From my perspective, the promises are less solid than the specter haunting our information ecosystem, and I’m not alone in thinking this way. Lindsay Gorman, senior fellow for emerging technologies at the Alliance for Securing Democracy, said during one panel that “There are more negative examples than positive ones” in response to a question about positive use cases of artificial intelligence in elections.

“The real positive use case for tech isn’t about detecting what’s fake,” Gorman said. “But authenticating what’s real.” 

A concrete example of using technology for authentication is a new camera from Sony that allows publishers to request the metadata for a given photo to understand where it originated and to prove it is real. Another example could be embedding information into communications around elections that can be verified by an end user.  Promising concepts—but ones that would require buy-in from technology companies and widespread adoption by end users to make a dent in the disinformation problem. 

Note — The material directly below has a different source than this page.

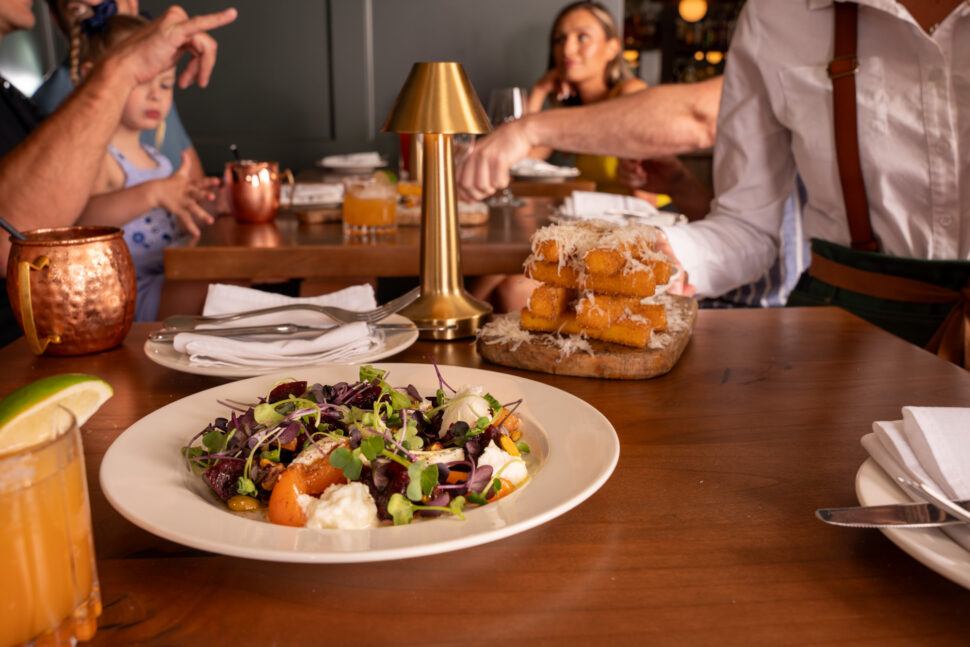 A salad with a deep fried appetizer is served at The Fat Ox in Banff.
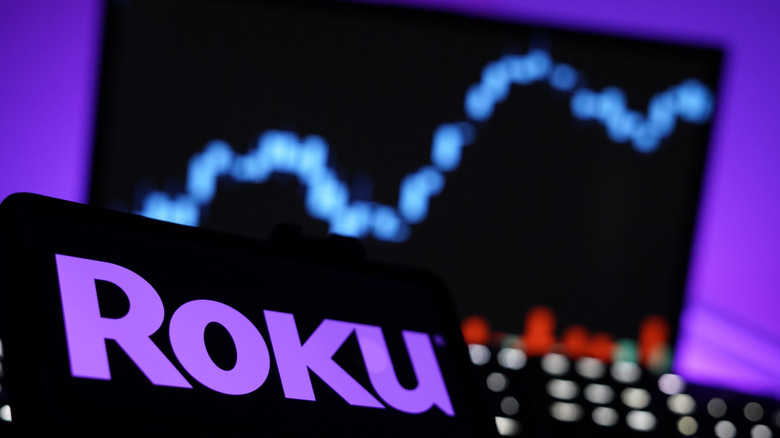 Picture showing Roku logo with chart in background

The other side of that coin, as Gorman alluded to, is detecting what’s fake. Technologists at SXSW tended to focus their discussions on high-tech tools to defend against and ameliorate the effects of machine-fueled disinformation. Such tools can be helpful for researchers and journalists who don’t want to be duped. But as one questioner astutely noted, good and bad actors are now engaged in a technological arms race and more sophisticated detection tools provoke new techniques for deception. 

Unfortunately, there’s little hope for policy solutions at the federal level in our current political environment. If we can’t get Congress to pass a bill to crack down on phone call spam, we shouldn’t hold our breath when it comes to regulating technologies that can fuel disinformation. Jena Griswold, Colorado’s secretary of state, put it bluntly during one panel.

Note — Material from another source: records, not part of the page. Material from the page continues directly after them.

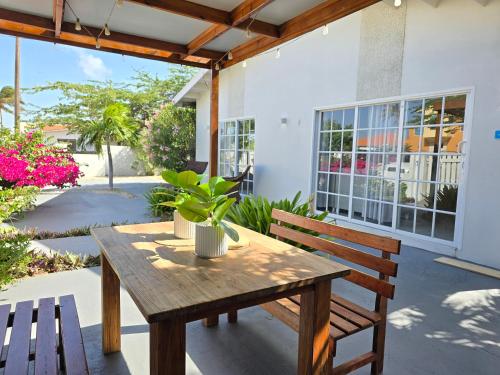 a wooden table and two benches on a patio at Bubali Residence in Palm-Eagle Beach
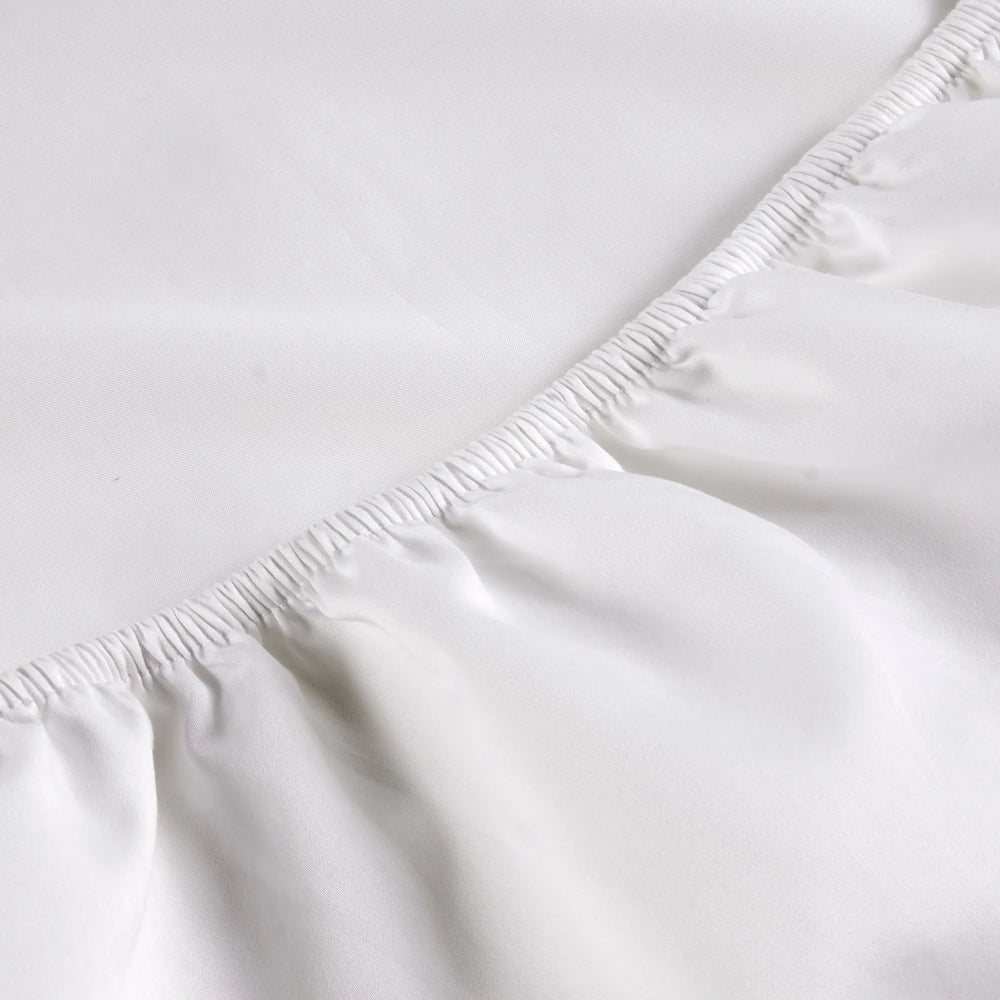 Close-up of a white fitted sheet on a bed with a plain background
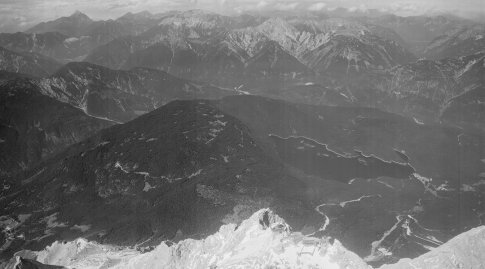 Das schwarz-weiß- Schrägluftbild zeigt eine Gebirgslandschaft. Im Vordergrund einen hellgrauen Berg, im Mittelgrund einen See und dunklere Berge und im Hintergrund wieder hellere Bergspitzen.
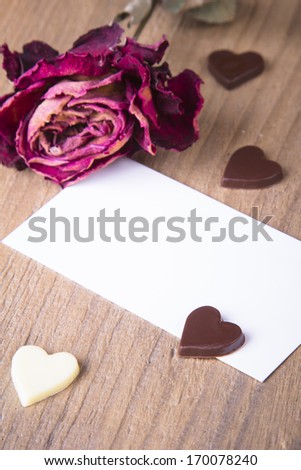 the dried rose, blank business card and chocolate hearts on a wooden table - valentines composition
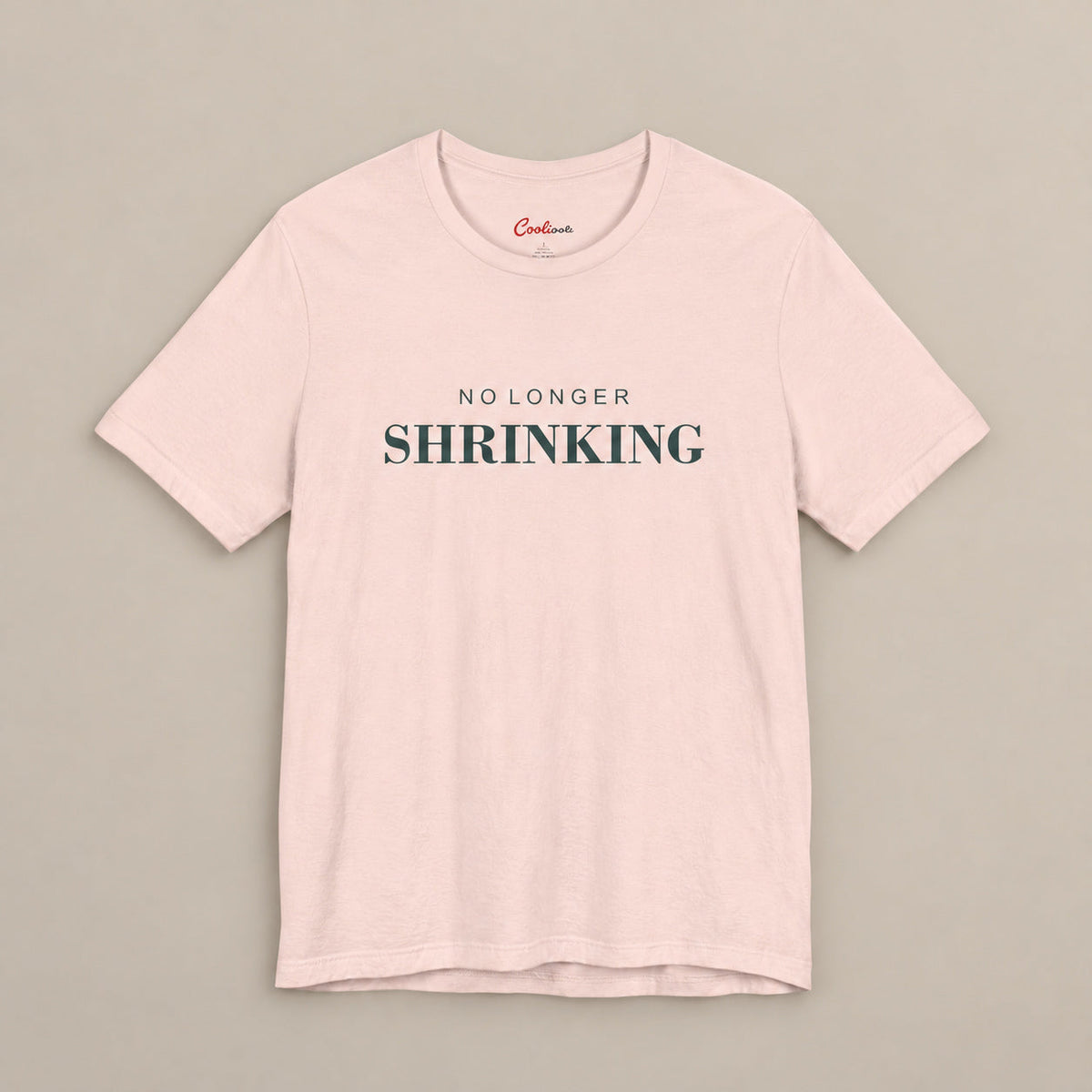 Soft Pink NO LONGER SHRINKING Bella+Canvas 3001 tee, complete square flat lay with deep green lettering on a plain warm neutral background.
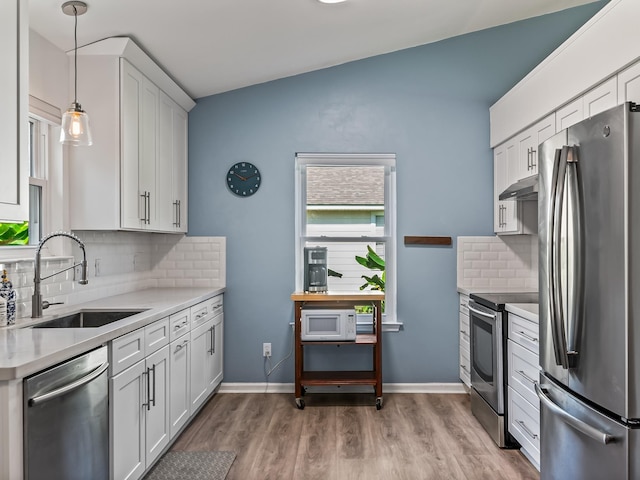 9 Pirates Cove Ln, Saint Marks, FL 32355 - kitchen with appliances with stainless steel finishes, under cabinet range hood, light countertops, backsplash, and light wood-type flooring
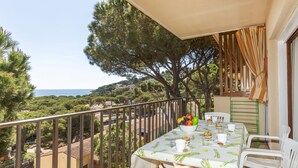 A balcony with a table set for two, overlooking a coastal landscape. - "Melis II M8 Playa de Pals" by Interhome (Pals)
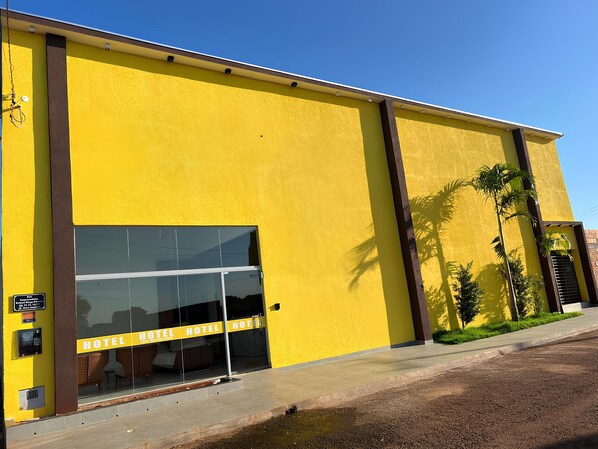 A yellow building with a glass entrance and the words 'HOTEL' repeated on the facade. - Hotel Porto Sollar (Porto Nacional)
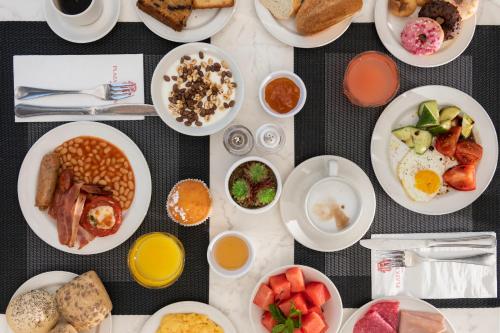 a table topped with plates of breakfast foods at Plaza Regency Hotels in Sliema
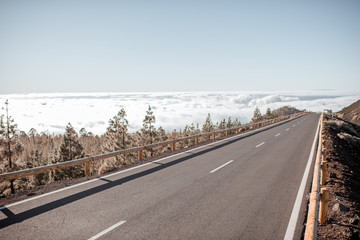 Beautiful straight road above the clouds on Tenerife island, Spain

“Congress, at this point under the current speaker, is basically nonfunctional,” Griswold said.
“Everybody says, ‘Oh, Congress can pass a law.’ And they can. But they won’t. Let’s not waste much effort. … Many elected officials want the disinformation. There are literally hundreds of election deniers in Congress. Do you think they’re going to allow a federal agency to counter disinformation?”

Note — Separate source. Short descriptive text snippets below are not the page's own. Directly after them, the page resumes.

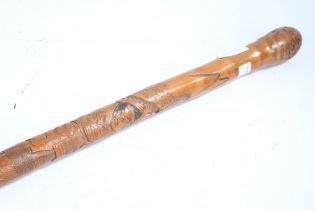 Japanese bamboo walking stick, carved with a figure fighting a serpent, signed to lower section,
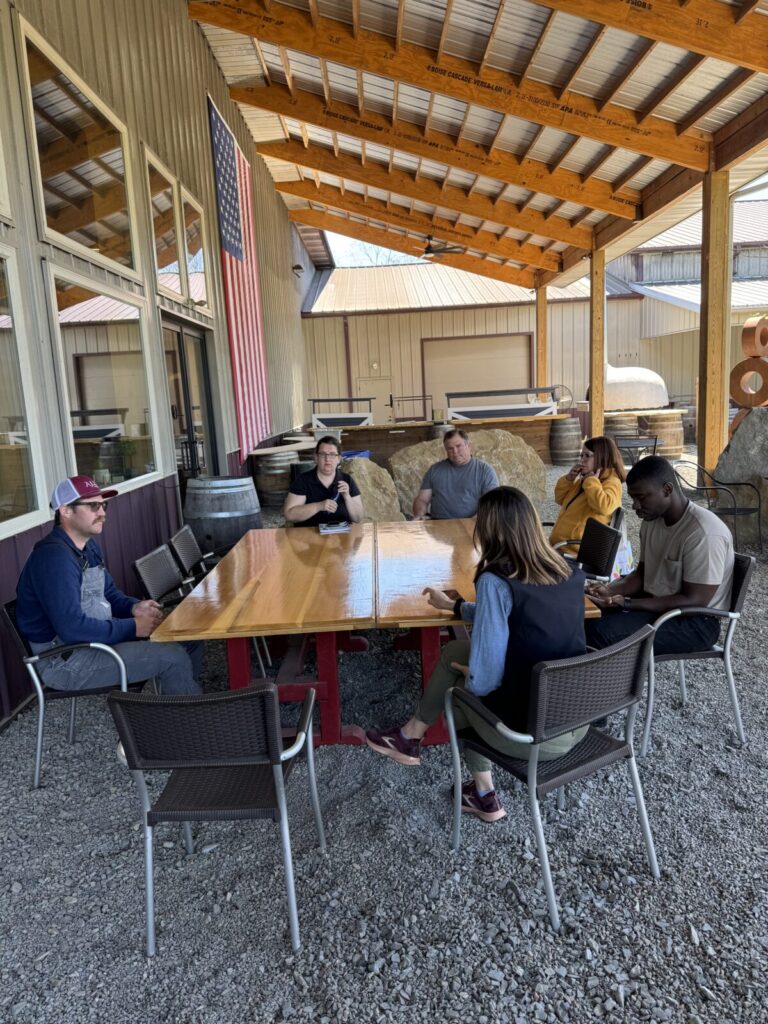 Wine grape growers conversing with research team members.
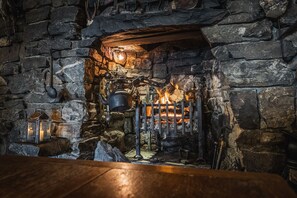 A stone fireplace with a fire, a lantern, and a kettle.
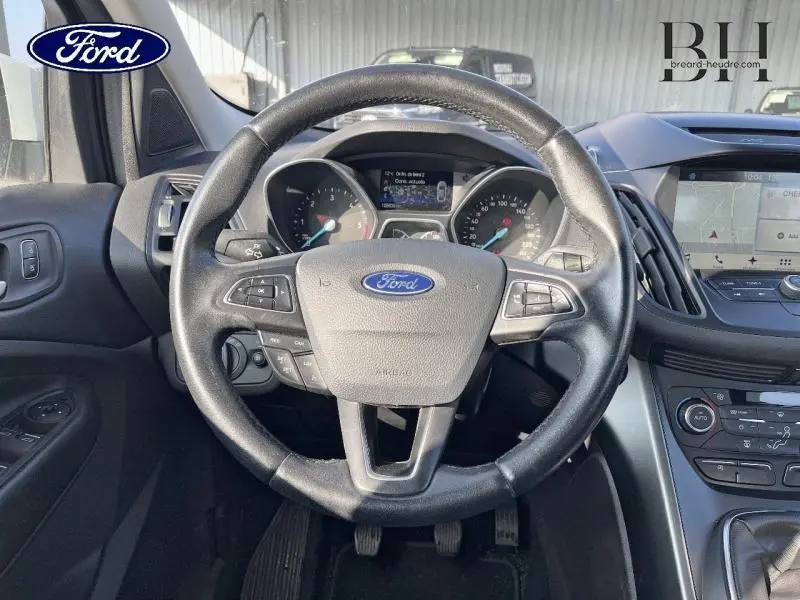 Vue intérieure centrée sur le volant cuir multifonction du Ford Kuga 2018 avec tableau de bord et écran GPS visible.
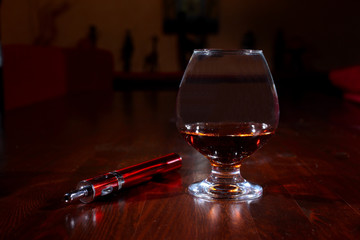 Ein Glas Cognac mit e-Zigarette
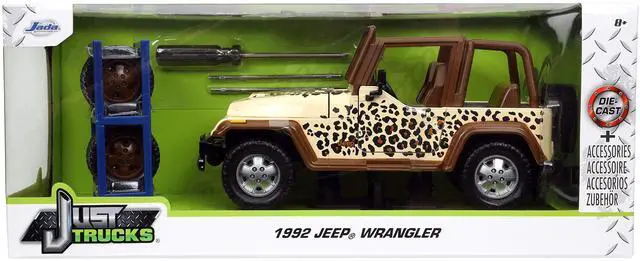 Alt view image 11 of 11 - 1992 Jeep Wrangler Tan and Brown with Graphics and Extra Wheels "Just Trucks" Series 1/24 Diecast Model Car by Jada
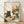 May include: Framed art print showing a gray tabby cat sitting at a table with checkered tablecloth, yellow coffee cup, wooden mug, open book, and large floral bouquet with sunflowers and pink blooms in green vase. Natural wood frame leaning against white textured wall on light wooden floor with diagonal window shadows.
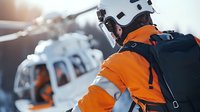 Rescue worker in bright orange safety uniform with helmet and backpack approaching helicopter for emergency mission.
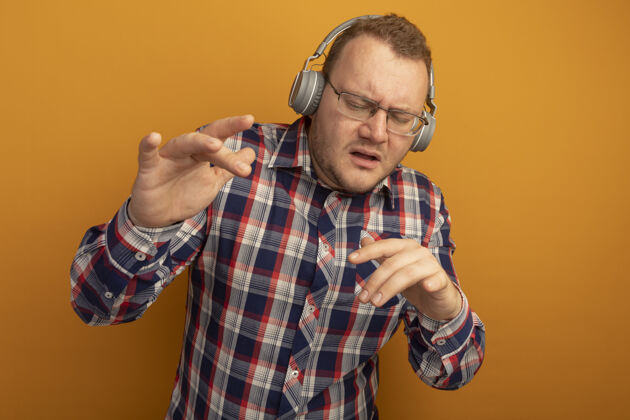 耳机戴着眼镜 穿着格子衬衫 戴着耳机的情绪化男人站在橙色的墙上欣赏音乐男人眼镜站立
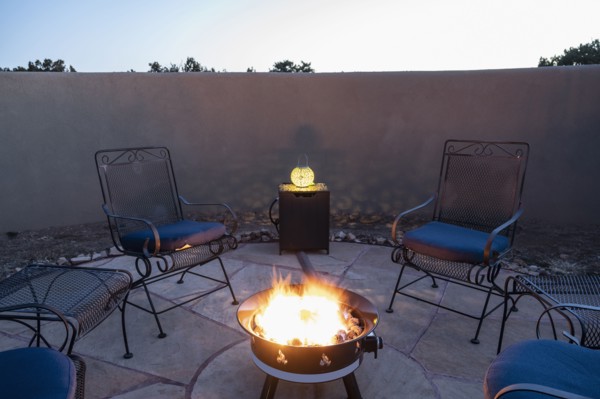Chairs around back yard fire pit at dusk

Joan Donovan, assistant professor of journalism at Boston University, agreed that we shouldn’t have much faith in our political institutions to legislate the issue.

“The biggest lobby on Capitol Hill is tech,” Donovan said. “They want to operate in a deregulated environment. … The reason why artificial intelligence or deepfakes are possible is years of social media use.” 

Griswold and other secretaries of state are concerned that deepfake videos and audio could be used to disrupt elections. 

“What if county clerks get a call cloning my voice telling them to do something,” Griswold said. “What if it happens all across the country at the same time? That could cause a very chaotic situation.”

Griswold said she is conducting training exercises to prepare her election officials for the worst. Sandra Stevenson, deputy photography director at the Washington Post, said the paper is constantly training its staff on how to identify fake imagery.

But in the social media age, when government officials and news outlets are no longer gatekeepers of information, all the training in the world may not be able to stop American citizens from falling victim to disinformation—which is why Donovan believes industry giants need to take the lead.

“We have to get commitments from these technology companies that are running international communications technologies that they are at least not willing to allow their platforms to become weaponized by foreign actors,” Donovan said. “They also have to take a look at the domestic actors. That will require industry coordination and reform. There’s a lot that we have to disentangle, but unfortunately the way our government is structured and these companies are structured is at odds with what we might call consumer safety.”